The problem:
Only the lines from the one containing "All right, so" to the end of the data below belong in the answer, each repeated exactly; no pictures.

Saved entries:
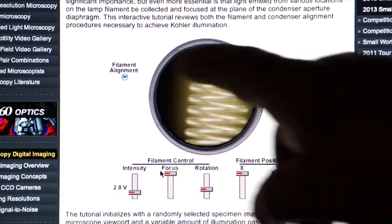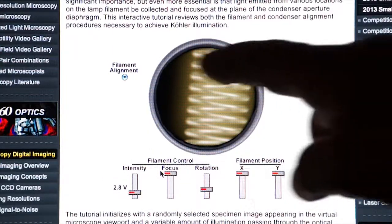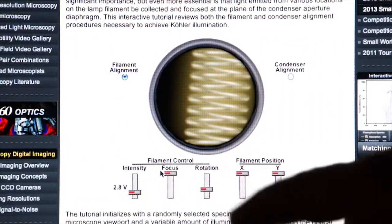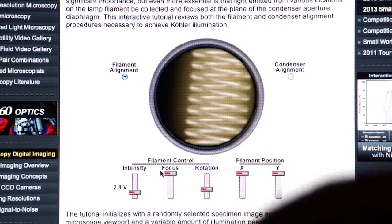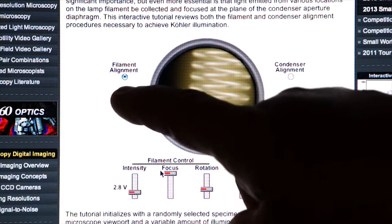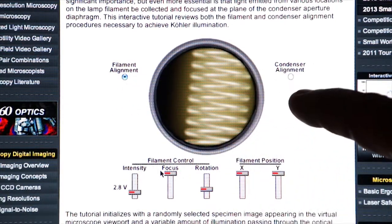Here on Nikon Microscopy U, we have a nice little tutorial under Köhler illumination that shows you both the filament alignment and the condenser alignment.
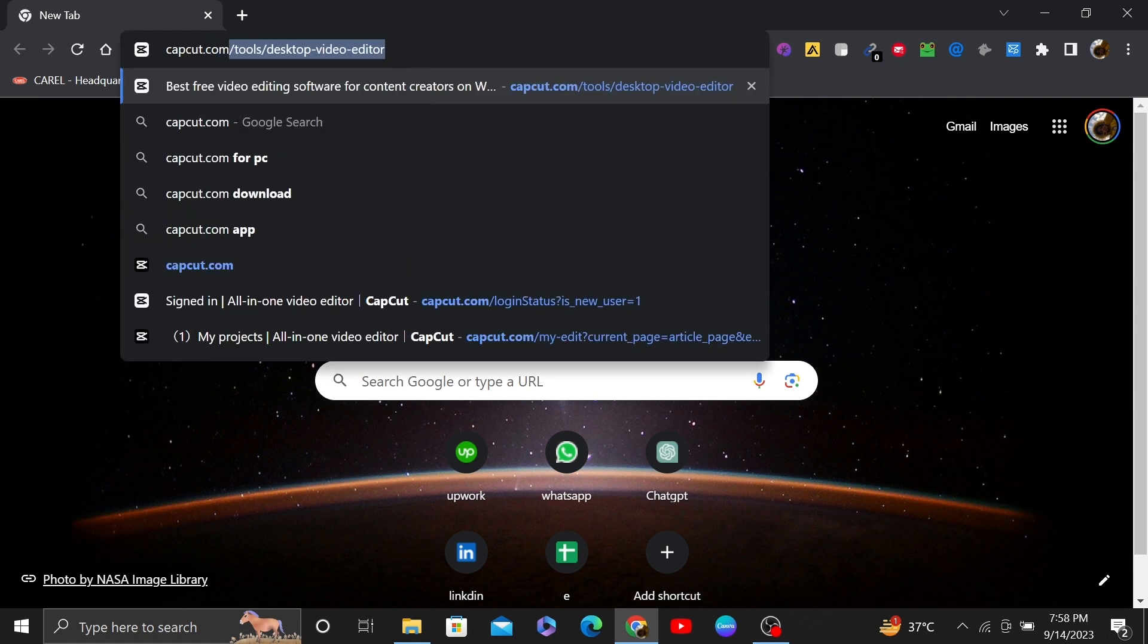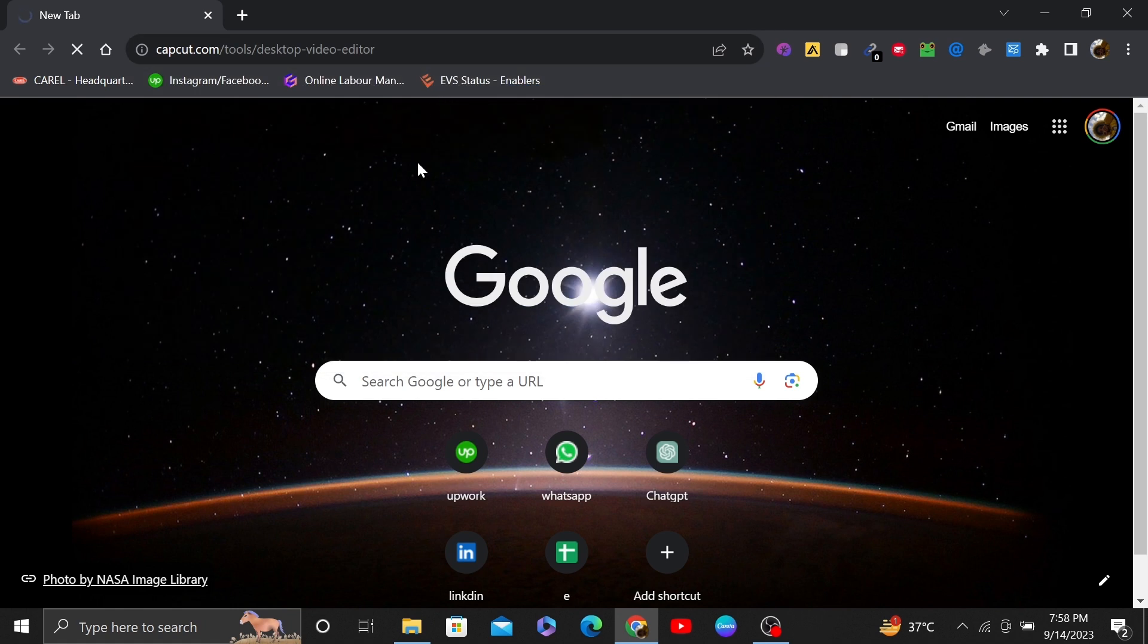First of all, open up the web browser, then search here capcut.com.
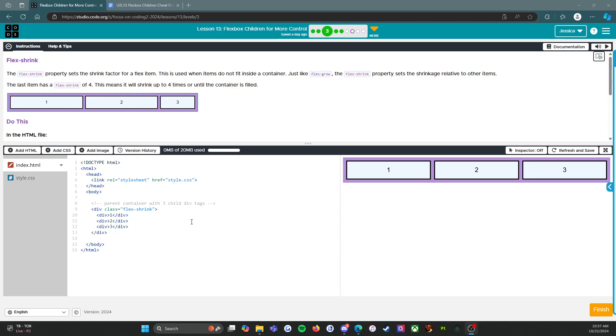Alright everybody, welcome back to level 3 of lesson 13. We're going to take a look at flex-shrink properties now. So let's get into it.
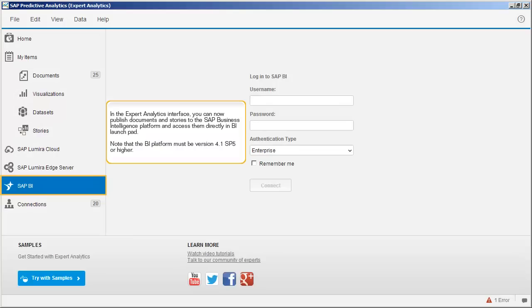In the Expert Analytics interface, you can now publish documents and stories to the SAP Business Intelligence Platform and access them directly in BI Launchpad. Note that the BI Platform must be version 4.1, SP5 or higher.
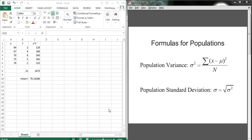All right, so now that we've used Excel to find the mean, we want to continue and try to find the population variance and the population standard deviation.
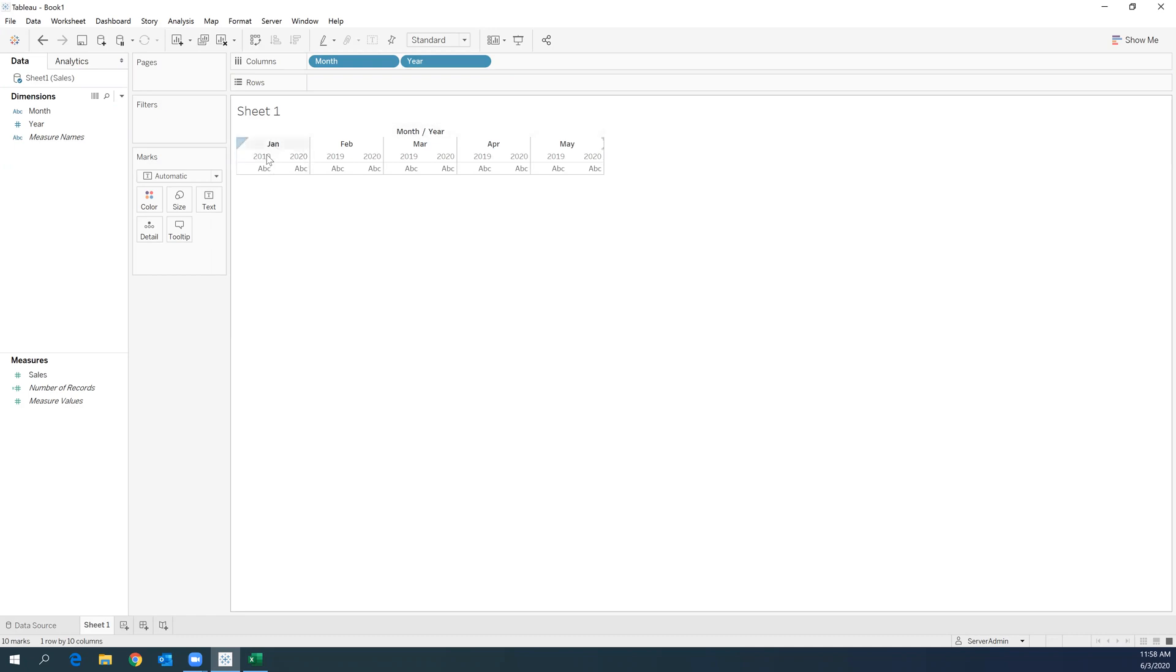You're starting to see January broken down by the two different years, April, May. So the final thing that we're going to do is to drag the measure that we want to visualize onto the rows.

Exercise result:
All right, so now that we've used Excel to find the mean, we want to continue and try to find the population variance and the population standard deviation.
You're starting to see January broken down by the two different years, April, May. So the final thing that we're going to do is to drag the measure that we want to visualize onto the rows.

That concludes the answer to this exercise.